Saturday, April 05, 2008

To: The World / Re: Email Dread

If you've emailed me recently, you may have received my "vacation responder," which indicates that because of a newly dead laptop and some traveling (NY first, Utah now), I'm without meaningful email access. "Sans meaningful email access," the email says. (Today in the shower I considered my choice of the word "sans." It sounds pretentious when I think about it, but then, I usually use it without thinking about it. Thinking about that, I realize that one of the reasons I use it without thinking--sans thinking, if you will (as a great ex-boyfriend once said to me, "Of course I will")--is because I first learned it in Mme. Ulin's seventh-grade French class. Not, NOT a pretentious place to learn a word. Le chat = cat. Parce que = because. Sans = without. Le biftek = steak. Steak? Really? Weird.)

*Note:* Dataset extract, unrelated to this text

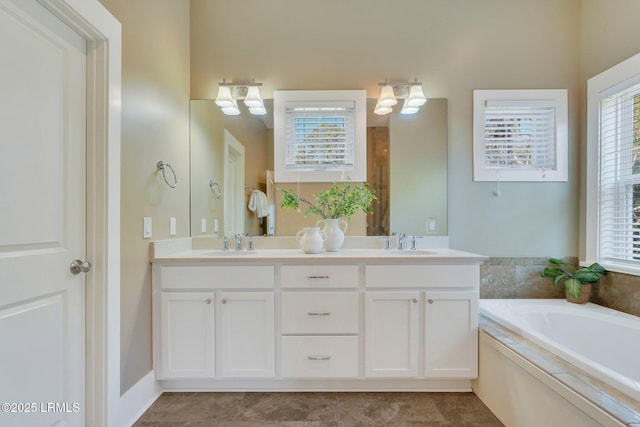 full bathroom with a garden tub, double vanity, and a sink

Anyway, the point of this blog is not sans. The point of this blog is my email. I have told some of you this before. (Most recently, tonight, Reed C., who wins the award for being the fourth boy to respond, even unwittingly, to my Hey Boy post.) When I don't check my email regularly--meaning, multiple times a day--I start to dread it. I fear the email. It's not the pile-up, per se. I find a great deal of satisfaction in selecting emails to delete. (I know, I know--I have gmail and I still delete. Reckless. Backward. Something.) It's not the load of emails I dread. It's the content. I'm always afraid that I'm going to get emails that say one of three things:
  1. You're stupid.
  2. I hate you.
  3. You owe us money.
And I do get these emails. They don't say these things this explicitly, usually. They say things like:
  1. You're stupid. AKA "You didn't turn in that journal edit when you were supposed to." "You didn't submit your income tax form when you were supposed to." "Your library books, which you thought you returned, you didn't, and they're now overdue."
  2. I hate you. AKA "Oh, it's okay you didn't visit teach me last month. I feel uncomfortable when you come anyway. And I've decided to start attending a family ward." "Yeah, I'm not sure I'm going to be able to come have lunch with/go to church with/ever see you again. Have a great summer!" "Sarah, I know we haven't talked in a while. Since our last date, in fact. I'm doing great. I'm dating X." "You left the house a mess. We will discuss this when we return. Or not." "I just got the test back that you graded. I think your grading policies are irrational and flawed, and the professor has said he will back me up on that."
  3. You owe us money. AKA "Your credit card/car insurance/health insurance/rent/utilities/library fine/bar review course/bar exam/income tax/chipping-in-for-so-and-so's-birthday is now overdue. Please pay up. 300%."
Note: Some of the above can fit into more than one category. Also, some of these sentences are a dramatization. I've not received each of them exactly, but I have received each of them essentially. (Thanks, Justin S., for prompting the clarification.)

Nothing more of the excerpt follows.